SUPPLIED RECORDS: Begin
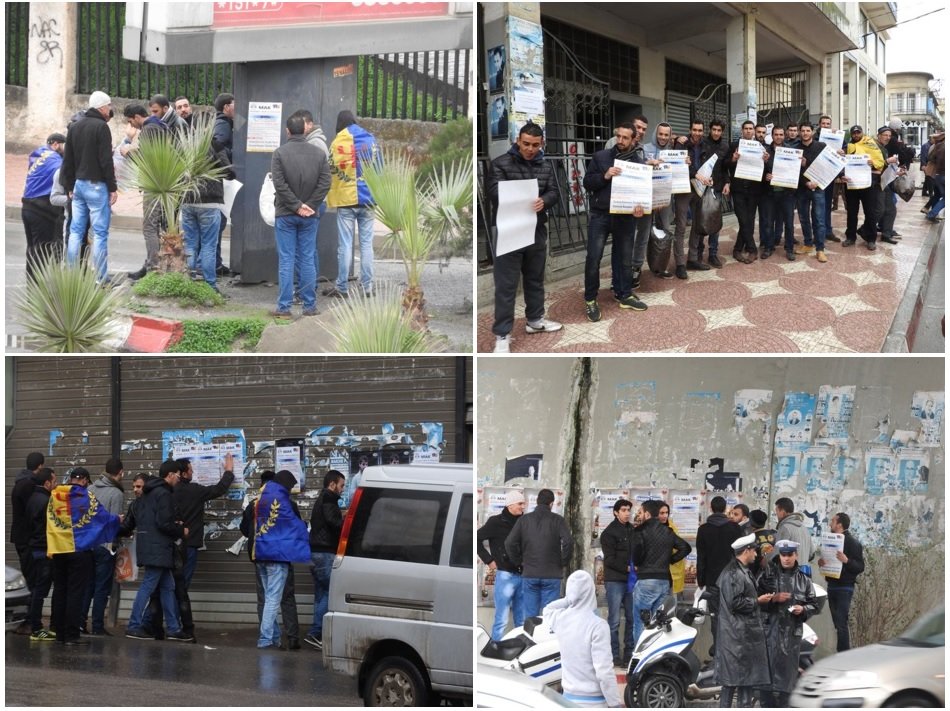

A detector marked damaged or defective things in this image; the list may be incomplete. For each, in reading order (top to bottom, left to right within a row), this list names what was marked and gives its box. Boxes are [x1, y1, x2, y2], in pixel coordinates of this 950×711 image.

torn poster [736, 390, 772, 434]
torn poster [772, 392, 820, 448]
torn poster [816, 386, 860, 442]
torn poster [916, 392, 944, 448]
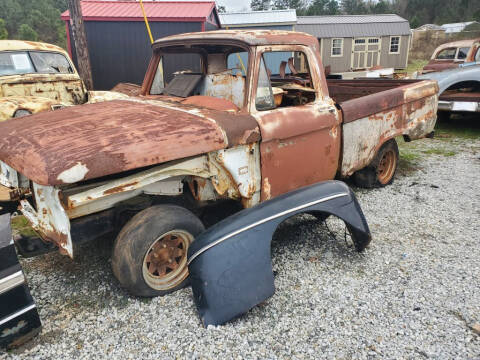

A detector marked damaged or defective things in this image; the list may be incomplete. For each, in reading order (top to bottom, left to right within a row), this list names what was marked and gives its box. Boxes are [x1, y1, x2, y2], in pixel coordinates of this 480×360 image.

rusty pickup truck [0, 39, 127, 121]
rusty pickup truck [0, 30, 438, 296]
rusted wheel rim [376, 149, 396, 184]
detached fender [0, 214, 41, 348]
rusted wheel rim [142, 231, 193, 290]
detached fender [188, 180, 372, 326]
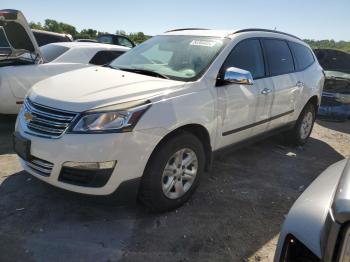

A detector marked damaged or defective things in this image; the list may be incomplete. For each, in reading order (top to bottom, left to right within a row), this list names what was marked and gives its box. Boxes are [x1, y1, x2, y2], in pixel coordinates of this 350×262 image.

damaged vehicle [0, 9, 130, 113]
damaged vehicle [314, 48, 350, 121]
damaged vehicle [274, 158, 350, 262]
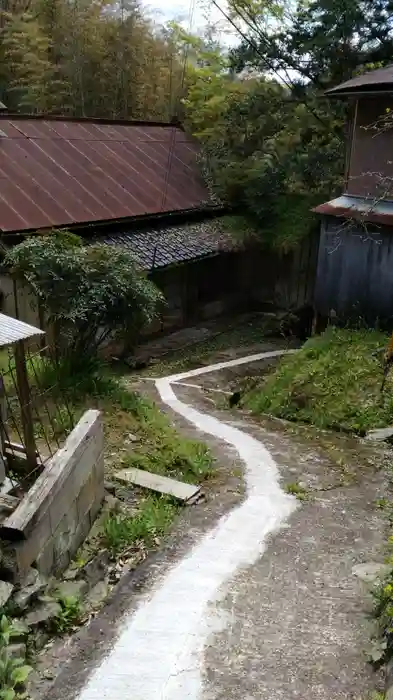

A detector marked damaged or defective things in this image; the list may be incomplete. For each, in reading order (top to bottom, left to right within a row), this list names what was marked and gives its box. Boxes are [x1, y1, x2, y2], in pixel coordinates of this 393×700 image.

rusty brown metal roof [324, 64, 393, 96]
rusty brown metal roof [0, 116, 211, 234]
rusty brown metal roof [312, 194, 393, 224]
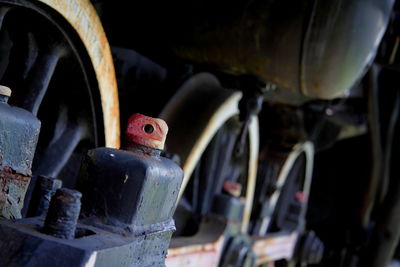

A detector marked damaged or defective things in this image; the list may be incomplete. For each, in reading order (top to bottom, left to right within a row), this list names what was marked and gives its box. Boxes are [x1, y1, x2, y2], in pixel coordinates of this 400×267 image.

rusty red bolt [126, 113, 168, 151]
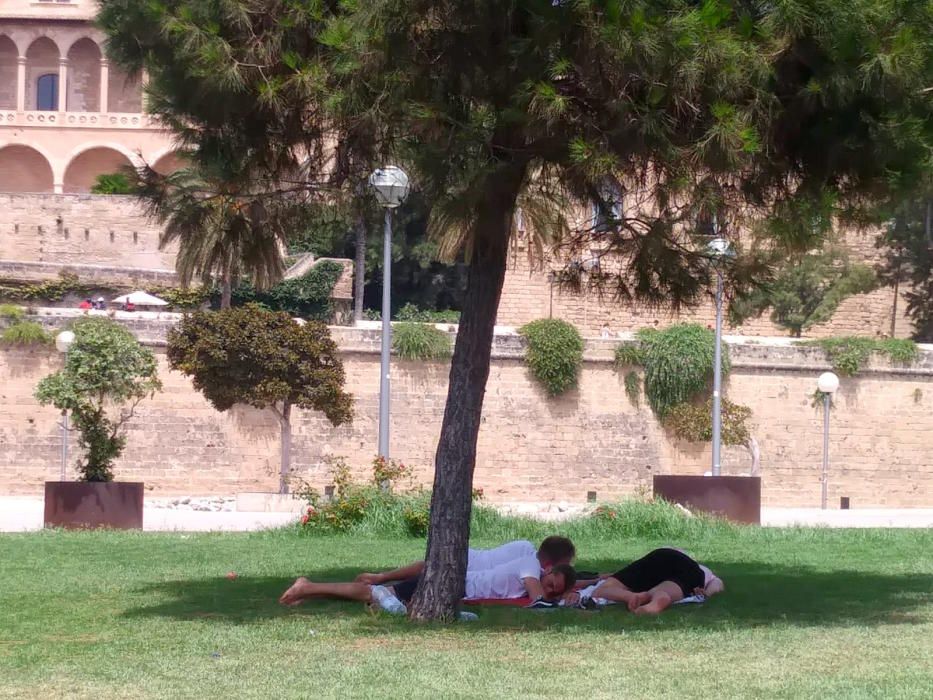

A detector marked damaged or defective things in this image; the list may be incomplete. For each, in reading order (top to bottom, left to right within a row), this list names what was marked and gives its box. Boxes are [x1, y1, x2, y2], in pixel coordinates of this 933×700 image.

rusty planter box [44, 482, 144, 532]
rusty planter box [652, 476, 760, 524]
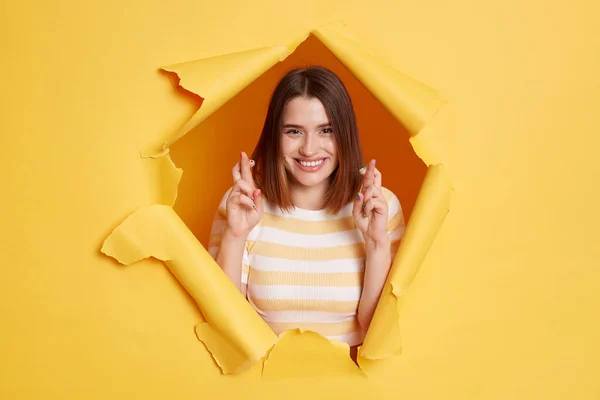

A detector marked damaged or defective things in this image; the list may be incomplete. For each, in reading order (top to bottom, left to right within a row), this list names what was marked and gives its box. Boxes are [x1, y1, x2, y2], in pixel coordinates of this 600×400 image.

torn paper hole [101, 20, 452, 376]
paper tear [102, 205, 278, 374]
paper tear [262, 330, 366, 380]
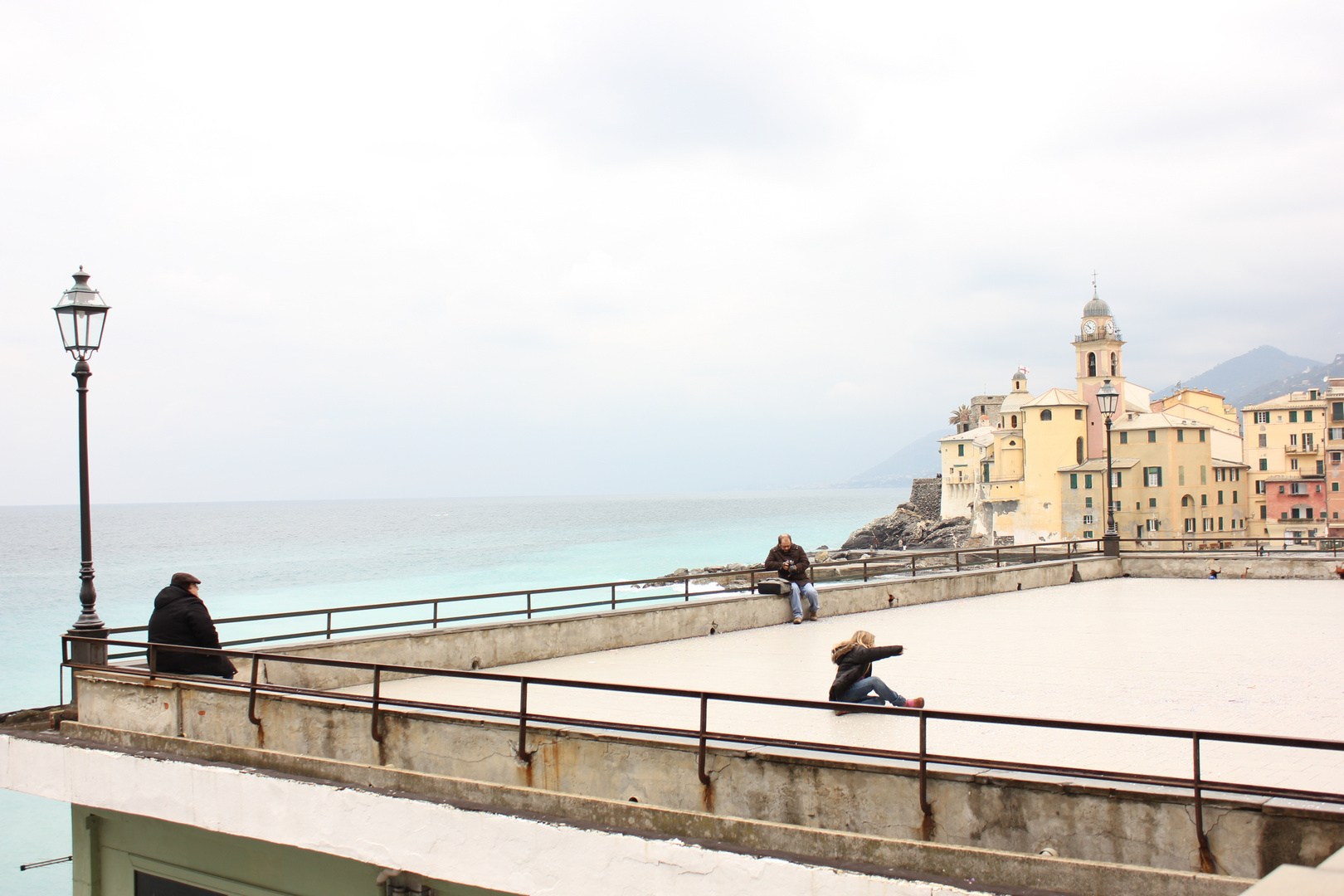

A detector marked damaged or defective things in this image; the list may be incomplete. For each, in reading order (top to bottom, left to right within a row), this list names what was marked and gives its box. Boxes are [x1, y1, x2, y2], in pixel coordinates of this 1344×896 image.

rusty metal railing [63, 634, 1341, 869]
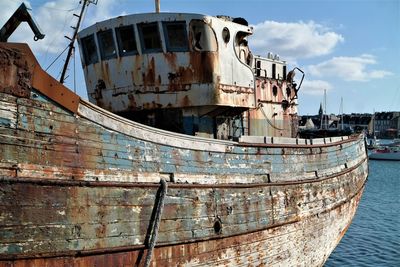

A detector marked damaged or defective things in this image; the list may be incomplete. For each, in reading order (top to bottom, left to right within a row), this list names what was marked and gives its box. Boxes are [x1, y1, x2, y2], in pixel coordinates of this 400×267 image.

broken window frame [80, 33, 98, 65]
broken window frame [97, 29, 117, 60]
broken window frame [115, 24, 139, 56]
broken window frame [138, 22, 162, 53]
broken window frame [162, 21, 188, 52]
rusted steel hull [0, 43, 368, 266]
peeling paint on hull [0, 43, 368, 266]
SUPPLIED RECORDS: End
:: WHAT TO DO ::
A verbatim rendering of the listing above is required, without any of its pictures.

:: OUTPUT OF THE EXERCISE ::
A detector marked damaged or defective things in this image; the list may be incomplete. For each, in reading order (top to bottom, left to right within a row), this list names what was marked and gives its box. Boxes are [x1, y1, x2, y2], in pixel coordinates of this 950×711 image.

torn poster [736, 390, 772, 434]
torn poster [772, 392, 820, 448]
torn poster [816, 386, 860, 442]
torn poster [916, 392, 944, 448]

A detector marked damaged or defective things in this image; the list may be incomplete. For each, in reading order (top to bottom, left to right within a row), this list names what was marked and gives its box. Boxes are [x1, y1, x2, y2], in pixel coordinates of this 480×360 image.

rusty pickup truck [0, 39, 127, 121]
rusty pickup truck [0, 30, 438, 296]
rusted wheel rim [376, 149, 396, 184]
detached fender [0, 214, 41, 348]
rusted wheel rim [142, 231, 193, 290]
detached fender [188, 180, 372, 326]

A detector marked damaged or defective things in this image; the list may be incomplete. For each, in reading order (top to bottom, left to right within a row), this list names what was marked and gives its box. Boxes are [x1, y1, x2, y2], in pixel coordinates of this 350×262 image.

damaged vehicle [0, 9, 130, 113]
damaged vehicle [314, 48, 350, 121]
damaged vehicle [274, 158, 350, 262]

A detector marked damaged or defective things in this image; the list may be incomplete. For each, in reading order (top to bottom, left to right within a row), this list names what was marked and gives its box. Boxes are [x1, y1, x2, y2], in pixel coordinates of this 393×700 image.

rusty brown metal roof [324, 64, 393, 96]
rusty brown metal roof [0, 116, 211, 234]
rusty brown metal roof [312, 194, 393, 224]

A detector marked damaged or defective things in this image; the list may be incomplete. For each, in reading order (top to bottom, left to right within a row), this list names what was marked and gives its box. Boxes are [x1, y1, x2, y2], in pixel coordinates of this 400×267 image.

rusty red bolt [126, 113, 168, 151]

A detector marked damaged or defective things in this image; the list may be incomplete. For each, in reading order (top to bottom, left to right within a row), this list names what was marked and gives its box. Boxes are [x1, y1, x2, y2], in pixel coordinates of this 933×700 image.

rusty planter box [44, 482, 144, 532]
rusty planter box [652, 476, 760, 524]

A detector marked damaged or defective things in this image; the list may be incomplete. For each, in reading order (top to bottom, left to right within a row), this list names what was marked and gives its box. Boxes are [x1, y1, x2, y2], in pixel coordinates of this 600×400 image.

torn paper hole [101, 20, 452, 376]
paper tear [102, 205, 278, 374]
paper tear [262, 330, 366, 380]

A detector marked damaged or defective things in this image; the list may be incomplete. For each, in reading order (top to bottom, left to right within a row), this list names what was marked and gives its box. Boxes are [x1, y1, x2, y2], in pixel coordinates of this 1344×896 image.

rusty metal railing [63, 634, 1341, 869]

A detector marked damaged or defective things in this image; the list may be incomplete. For each, in reading order (top to bottom, left to right within a row), this list names what was marked and gives its box. Boxes are [x1, y1, x2, y2], in pixel coordinates of this 400×267 image.

broken window frame [80, 33, 98, 65]
broken window frame [97, 29, 117, 60]
broken window frame [115, 24, 139, 56]
broken window frame [138, 22, 162, 53]
broken window frame [162, 21, 188, 52]
rusted steel hull [0, 43, 368, 266]
peeling paint on hull [0, 43, 368, 266]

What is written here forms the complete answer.